ORCESTRA Version Controlling#
ORCESTRA is a project bound to the principles of reproducibility and transparency. This is because ORCESTRA is a dataset repository that provides key metadata for the pipelines, raw data, and tools needed to create the standardized datasets published to the platform. This ensures users of the datasets on our platform can be confident in the work we produce and even validate them. The transparency and reproducibility also ensures that platform users can take our metadata and create their own versions of our datasets by adding or omitting fields that we can include in our final datasets.
What We Version Control#
ORCESTRA is setup to version control several key components:
- The Github repository to create the dataset + commitID used
- The raw data sources and their versions
- Tools and key packages used in the pipeline + their versions
- The final data object DOI from Zenodo
Ensuring users have access to the above resources for each dataset on ORCESTRA we can be confident that users will be able to clearly understand how the dataset was created, what it's comprised of, and how one could recreate it.

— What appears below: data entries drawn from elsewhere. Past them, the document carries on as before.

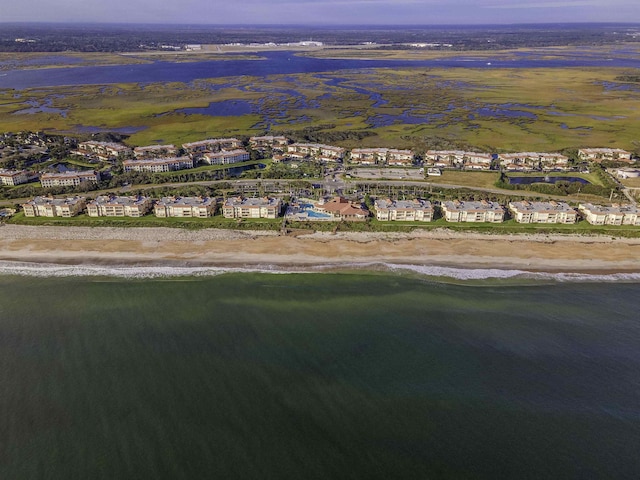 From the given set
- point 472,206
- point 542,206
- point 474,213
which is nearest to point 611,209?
point 542,206

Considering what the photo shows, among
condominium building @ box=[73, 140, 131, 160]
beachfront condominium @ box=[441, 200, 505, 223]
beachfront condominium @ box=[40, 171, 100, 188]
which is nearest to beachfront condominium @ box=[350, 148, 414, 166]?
beachfront condominium @ box=[441, 200, 505, 223]

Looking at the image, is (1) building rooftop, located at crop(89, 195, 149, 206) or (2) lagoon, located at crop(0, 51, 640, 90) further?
(2) lagoon, located at crop(0, 51, 640, 90)

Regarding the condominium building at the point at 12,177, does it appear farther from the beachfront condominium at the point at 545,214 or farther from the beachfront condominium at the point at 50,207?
the beachfront condominium at the point at 545,214

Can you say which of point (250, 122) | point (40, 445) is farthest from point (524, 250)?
point (250, 122)

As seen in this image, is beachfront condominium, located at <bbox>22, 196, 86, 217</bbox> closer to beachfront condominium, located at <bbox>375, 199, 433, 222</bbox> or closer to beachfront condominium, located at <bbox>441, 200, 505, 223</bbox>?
beachfront condominium, located at <bbox>375, 199, 433, 222</bbox>

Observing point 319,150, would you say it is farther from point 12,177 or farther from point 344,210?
point 12,177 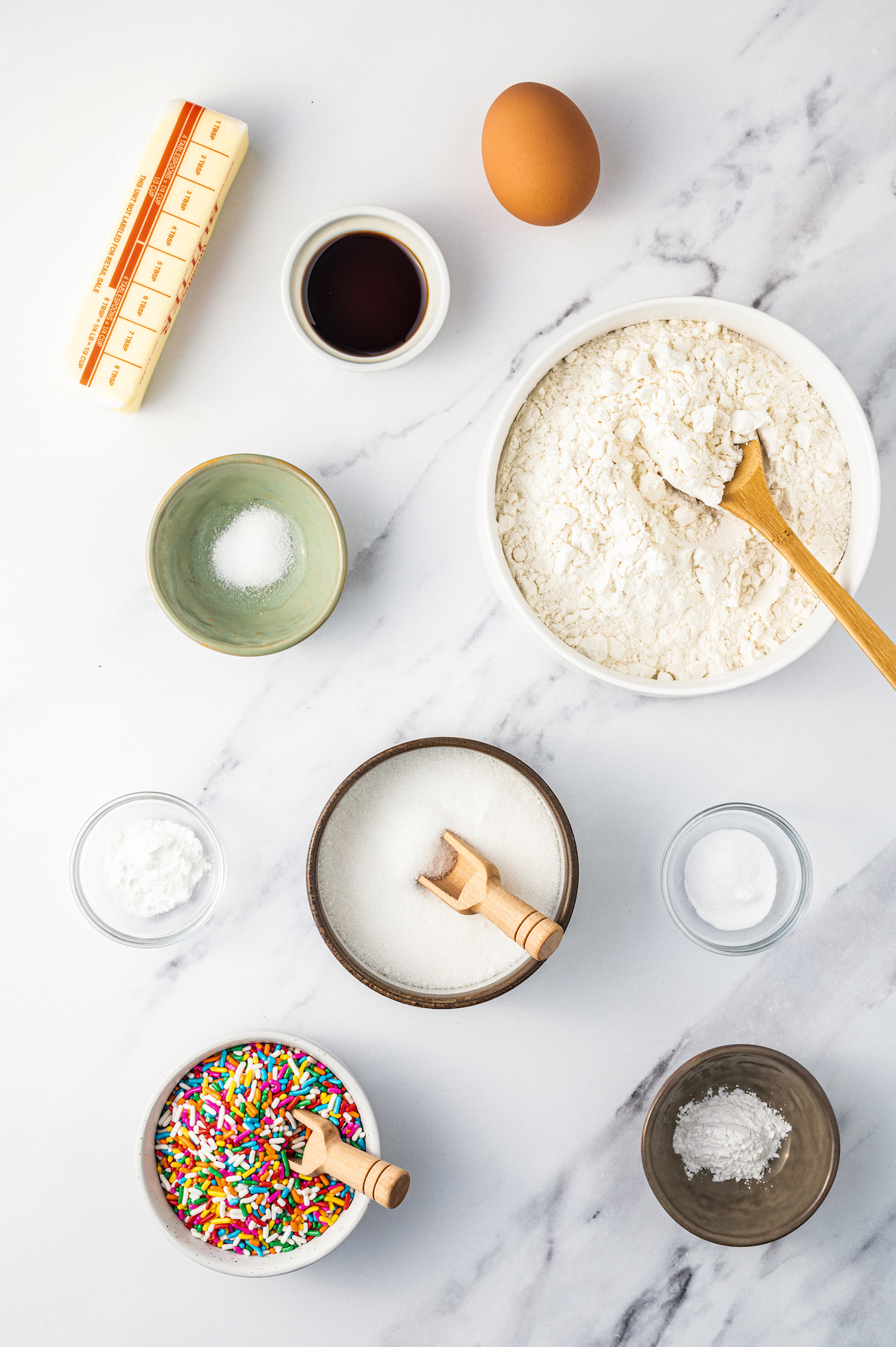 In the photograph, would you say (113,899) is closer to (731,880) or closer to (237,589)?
(237,589)

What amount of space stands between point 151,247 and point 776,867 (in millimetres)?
1202

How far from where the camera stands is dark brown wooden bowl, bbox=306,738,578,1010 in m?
1.11

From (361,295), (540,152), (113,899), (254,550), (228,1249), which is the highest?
(540,152)

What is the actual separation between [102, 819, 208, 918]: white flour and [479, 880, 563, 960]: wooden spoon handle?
412mm

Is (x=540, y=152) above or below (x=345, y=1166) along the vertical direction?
above

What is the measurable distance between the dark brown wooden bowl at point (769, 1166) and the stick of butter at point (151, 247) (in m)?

Where Does ORCESTRA Source Metadata#
ORCESTRA sources the majority of the metadata for the web-app from the config.yaml file that is required in the pipeline Github repository. Upon the dataset being processed the fields for the raw data and tools are extracted directly from the .yaml file, the Github commitID is sourced from the pipeline repository, and the Zenodo DOI is sourced once the API uploads the processed dataset to the lab Zenodo account.